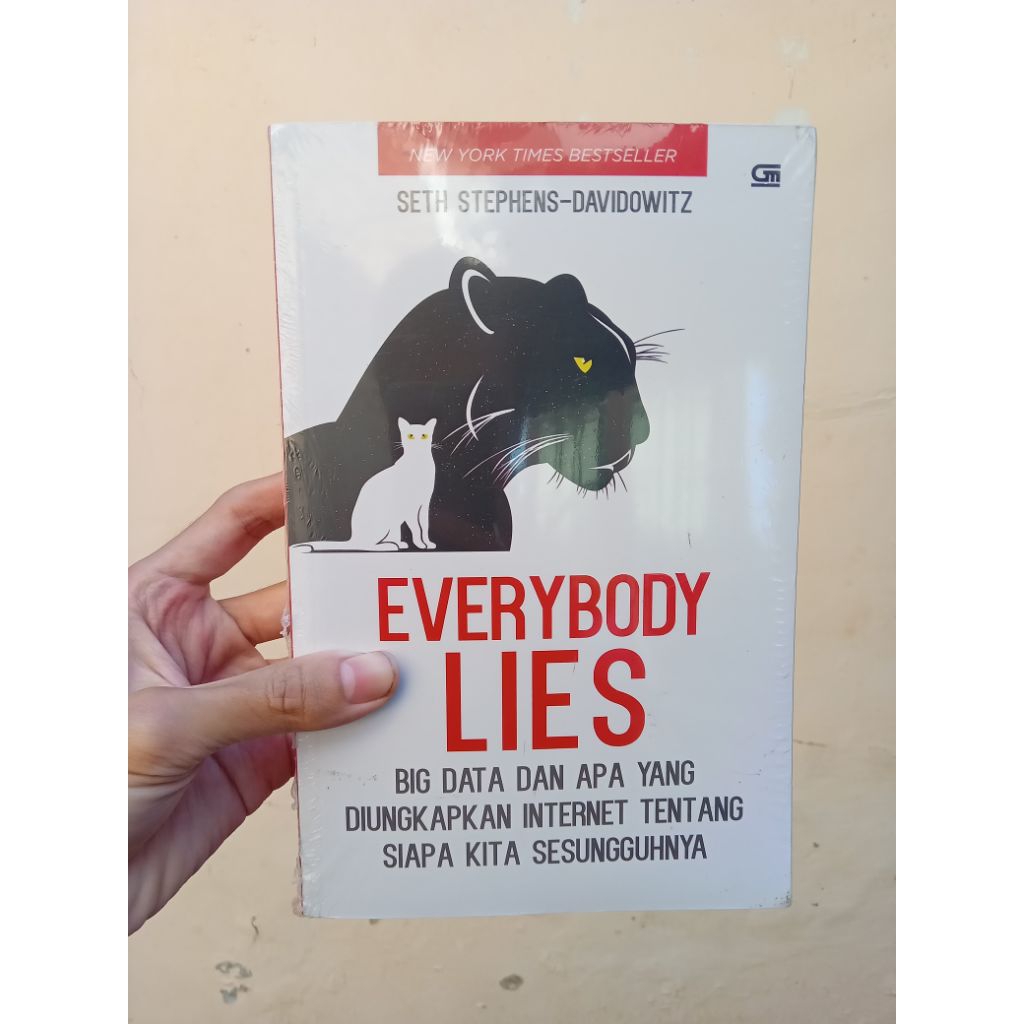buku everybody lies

================================

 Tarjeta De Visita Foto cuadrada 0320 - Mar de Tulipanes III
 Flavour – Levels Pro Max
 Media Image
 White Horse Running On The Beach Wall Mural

================================

What is being asked
From the records above, copy only the lines starting with the line that holds "Flavour – Levels Pro Max" and going on through the line that holds "White Horse Running On The Beach Wall Mural", exactly as written.

Your response
 Flavour – Levels Pro Max
 Media Image
 White Horse Running On The Beach Wall Mural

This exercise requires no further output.